While the separation between personal data and corporate data ensures security, it can inhibit seamless operations. A limited separation allows personal and corporate data to be processed on the same device, while enforcing policies to ensure that minimum security requirements are met [11, 22, 23]. The combination of policies, practices, and technical controls must be implemented successfully in order to be accepted by mobile device users [24]. An organization must provide MDM solutions for limited separation implementation to ensure security and privacy. For example, the data on a mobile device can be remotely wiped when a user violates the BYOD policy. Because of this, limited separation can be confronted with both technical and management issues. Limited separation may be the least expensive solution, owing to (a) the lack of requirements; (b) the ease of implementation, because it can work with existing infrastructures; and (c) the existence of this function in the two well-known operating systems iOS and Android [25].

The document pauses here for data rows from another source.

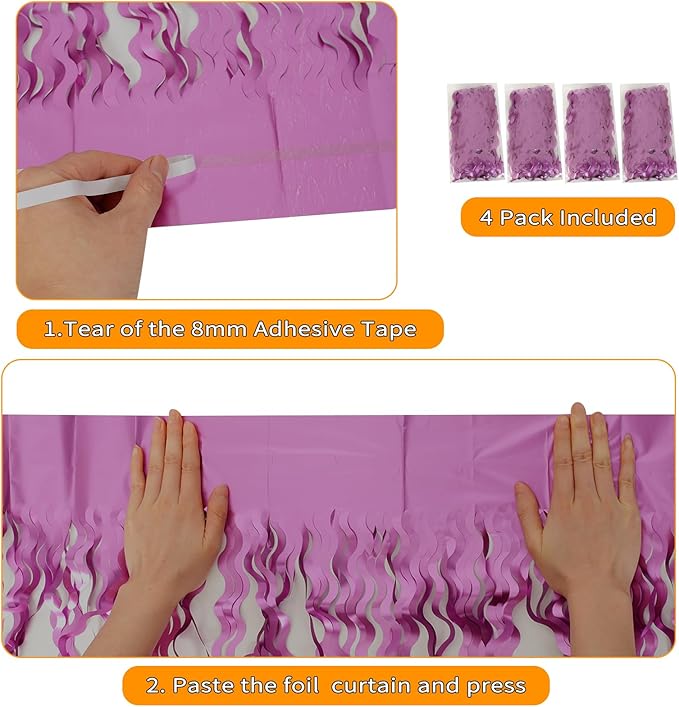 Purple Foil Curtains - 4 Pack 3.3 ft x 6.6 ft Wavy Fringe Curtain Backdrop for Party Photo Booth Props Decoration Mermaid Euphoria Themed | Purple Streamers for Mardi Gras Decorations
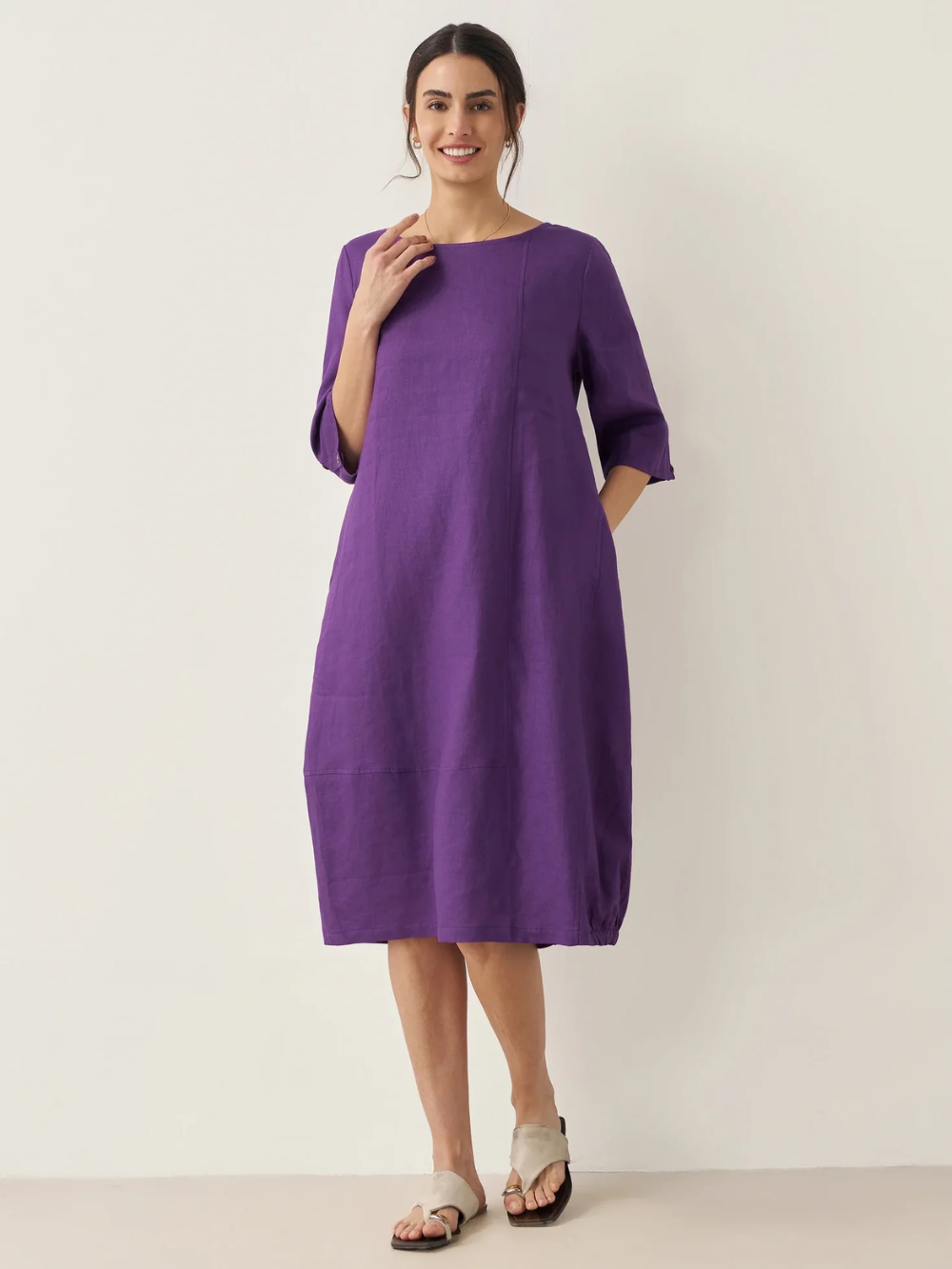 Vestido Sofía sin cuello de lino y mangas 3/4 (Oferta 2X1)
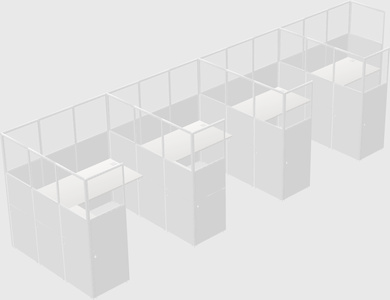 Shared l-shaped cubicle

In addition, trusted boot in mobile devices has recently become increasingly important for improving the security of the boot sequence. This falls into the following two categories of (a) secure boot where the boot sequence is evaluated and aborted if a suspicious component attempts to be loaded and (b) trusted boot where a log is maintained during the boot process for later audit [26]. Secure boot has been criticized for locking down devices, resulting in limited functionality. On the other hand, trusted boot lacks the enforcement of run-time verification [26]. Therefore, a software-only approach cannot fully secure software applications on mobile devices against cyberattacks, especially for operating systems with end-user access, which can be hacked [27]. A number of studies have proposed a dedicated security hardware-assisted solution, to customize trusted boot and thus to tackle the above problems [2628]. Using a phone-centric approach, a trusted boot technique can protect data once the device has been switched on [29].

3. Proposed Framework

3.1. Policy

An organization must have a clear policy regarding BYOD use, whether that is to support its use fully, partially, or not at all [30]. This choice will depend on the level of security required in the organization. In addition, business requirements and productivity should also be considered. If an organization chooses to fully support BYOD, then that organization must accept security risks, and the adoption of BYOD policies is highly recommended. Many control mechanisms must be implemented to support these policies. A top-down approach is generally used to distribute BYOD policies to employees. The corresponding mechanisms should be ready to employ prior to announcing the policy. However, if an organization does not allow BYOD, then that organization will avoid the associated security risks and BYOD policies or control mechanisms may not be required. Furthermore, the scope of the use of BYOD covered in the policy must be clearly defined. For example, a CIO should be able to decide whether or not the policy will cover a scenario in which a device is used at home to connect to the corporate network or where a device is used in an organization but does not connect to the corporate network or is offline.

3.2. Registration

If an organization allows the use of BYOD, then it is important to know the identities of devices and their owners. A device owner is required to register their identification (e.g., employee number, name, and email) and device identification (e.g., International Mobile Station Equipment Identity (IMEI)). This registration process can be automatic. The registration system can link device identification data to personal information stored in the organization’s database system (such as a human research database). The registration process is the most important aspect of BYOD. The impact of a lack of registration may be equivalent to that of a lack of log storage.

3.3. Provision

If an organization fully supports BYOD use, then devices must be configured so as not to allow unauthorized users to gain access to the corporate network. There are several possible controls. For example, all devices must be protected by a passcode, to prevent unauthorized use. Failure to enter this correctly would be reported to the administrator or would result in the suspension of the use of BYOD. In addition, inappropriate use, such as jailbreaking or rooting a device that may result in an increase of vulnerability, should not be allowed, be closely monitored, or be allowed on a case-by-case basis (e.g., in the case of research purposes). Moreover, in some organizations, policies may limit the use of certain functions in BYOD, such as cameras. A mechanism to disable these functions can be implemented. For example, the camera app icon can be disabled or hidden.

3.4. Centralized Control

BYOD control mechanisms essentially involve data sanitization, compliance control, and centralized configuration control [31]. Moreover, all activities can be monitored and detected by an administrator. A dashboard is employed to signal misuses of BYOD. This helps to ensure that BYOD policy is followed. In terms of the preservation of confidential data, the administrator can force a factory reset to wipe all data or force selective wiping through a designated channel, such as Google Cloud Messaging for Android or another cloud-based system [31]. This mechanism helps to protect an organization’s information assets in cases of lost or stolen BYOD devices. It is important that a communication channel through which a user can send a request to the administrator to wipe data exists. An appropriate authentication method is required to identify users. This is similar to an authentication method for mobile banking transactions. As mentioned, all such controls are completely centralized, and an agent connecting to the centralized control must be installed on the device.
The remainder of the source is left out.